(Your goal): What is needed is a verbatim copy of each record below.

-=-=-=-=-

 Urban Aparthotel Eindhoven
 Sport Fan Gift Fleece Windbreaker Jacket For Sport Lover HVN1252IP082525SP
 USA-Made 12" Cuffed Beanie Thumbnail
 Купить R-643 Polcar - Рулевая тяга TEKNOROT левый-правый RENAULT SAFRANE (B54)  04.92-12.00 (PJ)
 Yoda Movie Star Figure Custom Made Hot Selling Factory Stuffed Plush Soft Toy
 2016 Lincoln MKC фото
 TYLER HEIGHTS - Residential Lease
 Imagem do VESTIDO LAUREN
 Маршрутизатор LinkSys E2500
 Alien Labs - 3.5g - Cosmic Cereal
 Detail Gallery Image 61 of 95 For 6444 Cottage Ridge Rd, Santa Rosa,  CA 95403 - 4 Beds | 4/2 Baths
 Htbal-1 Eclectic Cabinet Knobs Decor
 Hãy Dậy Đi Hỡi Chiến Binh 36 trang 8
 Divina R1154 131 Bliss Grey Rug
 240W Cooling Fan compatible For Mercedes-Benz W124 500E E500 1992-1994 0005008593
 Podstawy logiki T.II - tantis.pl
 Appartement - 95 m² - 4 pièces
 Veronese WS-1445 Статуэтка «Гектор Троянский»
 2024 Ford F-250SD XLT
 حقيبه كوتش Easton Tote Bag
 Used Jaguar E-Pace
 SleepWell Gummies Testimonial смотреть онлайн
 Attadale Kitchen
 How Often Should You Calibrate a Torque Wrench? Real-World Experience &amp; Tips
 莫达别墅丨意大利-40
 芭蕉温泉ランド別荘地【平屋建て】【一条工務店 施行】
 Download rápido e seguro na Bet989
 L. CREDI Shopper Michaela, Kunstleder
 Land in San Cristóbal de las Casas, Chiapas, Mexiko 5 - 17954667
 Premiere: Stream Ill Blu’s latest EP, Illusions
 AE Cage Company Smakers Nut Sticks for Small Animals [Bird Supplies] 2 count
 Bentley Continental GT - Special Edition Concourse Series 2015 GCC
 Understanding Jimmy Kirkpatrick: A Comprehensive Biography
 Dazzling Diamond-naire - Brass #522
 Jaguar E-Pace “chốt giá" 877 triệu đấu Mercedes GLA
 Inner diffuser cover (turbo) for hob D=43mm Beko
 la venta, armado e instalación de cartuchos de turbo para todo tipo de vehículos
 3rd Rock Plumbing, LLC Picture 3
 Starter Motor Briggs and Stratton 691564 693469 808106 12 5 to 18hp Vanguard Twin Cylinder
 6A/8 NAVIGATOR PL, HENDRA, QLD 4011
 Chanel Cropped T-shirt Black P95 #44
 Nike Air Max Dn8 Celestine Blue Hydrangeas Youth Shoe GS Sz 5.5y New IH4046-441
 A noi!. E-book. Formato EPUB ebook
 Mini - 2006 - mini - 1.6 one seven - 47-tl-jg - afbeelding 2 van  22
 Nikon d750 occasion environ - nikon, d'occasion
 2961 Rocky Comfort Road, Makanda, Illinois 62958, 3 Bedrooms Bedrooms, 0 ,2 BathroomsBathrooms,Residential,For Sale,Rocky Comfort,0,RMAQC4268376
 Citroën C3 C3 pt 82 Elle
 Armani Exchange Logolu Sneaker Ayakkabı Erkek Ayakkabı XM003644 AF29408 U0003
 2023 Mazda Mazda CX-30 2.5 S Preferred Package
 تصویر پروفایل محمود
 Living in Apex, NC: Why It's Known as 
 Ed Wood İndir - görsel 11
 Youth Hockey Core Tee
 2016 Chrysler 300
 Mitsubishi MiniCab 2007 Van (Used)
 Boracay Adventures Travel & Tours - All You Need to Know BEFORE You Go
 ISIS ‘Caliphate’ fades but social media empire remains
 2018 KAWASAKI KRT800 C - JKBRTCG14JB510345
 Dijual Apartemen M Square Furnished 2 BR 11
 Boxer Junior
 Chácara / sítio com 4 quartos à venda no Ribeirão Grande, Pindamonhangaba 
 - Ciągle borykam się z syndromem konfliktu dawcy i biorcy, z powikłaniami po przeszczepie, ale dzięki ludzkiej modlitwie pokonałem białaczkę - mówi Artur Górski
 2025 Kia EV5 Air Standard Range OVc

-=-=-=-=-

(Solution for this problem):
 Urban Aparthotel Eindhoven
 Sport Fan Gift Fleece Windbreaker Jacket For Sport Lover HVN1252IP082525SP
 USA-Made 12" Cuffed Beanie Thumbnail
 Купить R-643 Polcar - Рулевая тяга TEKNOROT левый-правый RENAULT SAFRANE (B54)  04.92-12.00 (PJ)
 Yoda Movie Star Figure Custom Made Hot Selling Factory Stuffed Plush Soft Toy
 2016 Lincoln MKC фото
 TYLER HEIGHTS - Residential Lease
 Imagem do VESTIDO LAUREN
 Маршрутизатор LinkSys E2500
 Alien Labs - 3.5g - Cosmic Cereal
 Detail Gallery Image 61 of 95 For 6444 Cottage Ridge Rd, Santa Rosa,  CA 95403 - 4 Beds | 4/2 Baths
 Htbal-1 Eclectic Cabinet Knobs Decor
 Hãy Dậy Đi Hỡi Chiến Binh 36 trang 8
 Divina R1154 131 Bliss Grey Rug
 240W Cooling Fan compatible For Mercedes-Benz W124 500E E500 1992-1994 0005008593
 Podstawy logiki T.II - tantis.pl
 Appartement - 95 m² - 4 pièces
 Veronese WS-1445 Статуэтка «Гектор Троянский»
 2024 Ford F-250SD XLT
 حقيبه كوتش Easton Tote Bag
 Used Jaguar E-Pace
 SleepWell Gummies Testimonial смотреть онлайн
 Attadale Kitchen
 How Often Should You Calibrate a Torque Wrench? Real-World Experience &amp; Tips
 莫达别墅丨意大利-40
 芭蕉温泉ランド別荘地【平屋建て】【一条工務店 施行】
 Download rápido e seguro na Bet989
 L. CREDI Shopper Michaela, Kunstleder
 Land in San Cristóbal de las Casas, Chiapas, Mexiko 5 - 17954667
 Premiere: Stream Ill Blu’s latest EP, Illusions
 AE Cage Company Smakers Nut Sticks for Small Animals [Bird Supplies] 2 count
 Bentley Continental GT - Special Edition Concourse Series 2015 GCC
 Understanding Jimmy Kirkpatrick: A Comprehensive Biography
 Dazzling Diamond-naire - Brass #522
 Jaguar E-Pace “chốt giá" 877 triệu đấu Mercedes GLA
 Inner diffuser cover (turbo) for hob D=43mm Beko
 la venta, armado e instalación de cartuchos de turbo para todo tipo de vehículos
 3rd Rock Plumbing, LLC Picture 3
 Starter Motor Briggs and Stratton 691564 693469 808106 12 5 to 18hp Vanguard Twin Cylinder
 6A/8 NAVIGATOR PL, HENDRA, QLD 4011
 Chanel Cropped T-shirt Black P95 #44
 Nike Air Max Dn8 Celestine Blue Hydrangeas Youth Shoe GS Sz 5.5y New IH4046-441
 A noi!. E-book. Formato EPUB ebook
 Mini - 2006 - mini - 1.6 one seven - 47-tl-jg - afbeelding 2 van  22
 Nikon d750 occasion environ - nikon, d'occasion
 2961 Rocky Comfort Road, Makanda, Illinois 62958, 3 Bedrooms Bedrooms, 0 ,2 BathroomsBathrooms,Residential,For Sale,Rocky Comfort,0,RMAQC4268376
 Citroën C3 C3 pt 82 Elle
 Armani Exchange Logolu Sneaker Ayakkabı Erkek Ayakkabı XM003644 AF29408 U0003
 2023 Mazda Mazda CX-30 2.5 S Preferred Package
 تصویر پروفایل محمود
 Living in Apex, NC: Why It's Known as 
 Ed Wood İndir - görsel 11
 Youth Hockey Core Tee
 2016 Chrysler 300
 Mitsubishi MiniCab 2007 Van (Used)
 Boracay Adventures Travel & Tours - All You Need to Know BEFORE You Go
 ISIS ‘Caliphate’ fades but social media empire remains
 2018 KAWASAKI KRT800 C - JKBRTCG14JB510345
 Dijual Apartemen M Square Furnished 2 BR 11
 Boxer Junior
 Chácara / sítio com 4 quartos à venda no Ribeirão Grande, Pindamonhangaba 
 - Ciągle borykam się z syndromem konfliktu dawcy i biorcy, z powikłaniami po przeszczepie, ale dzięki ludzkiej modlitwie pokonałem białaczkę - mówi Artur Górski
 2025 Kia EV5 Air Standard Range OVc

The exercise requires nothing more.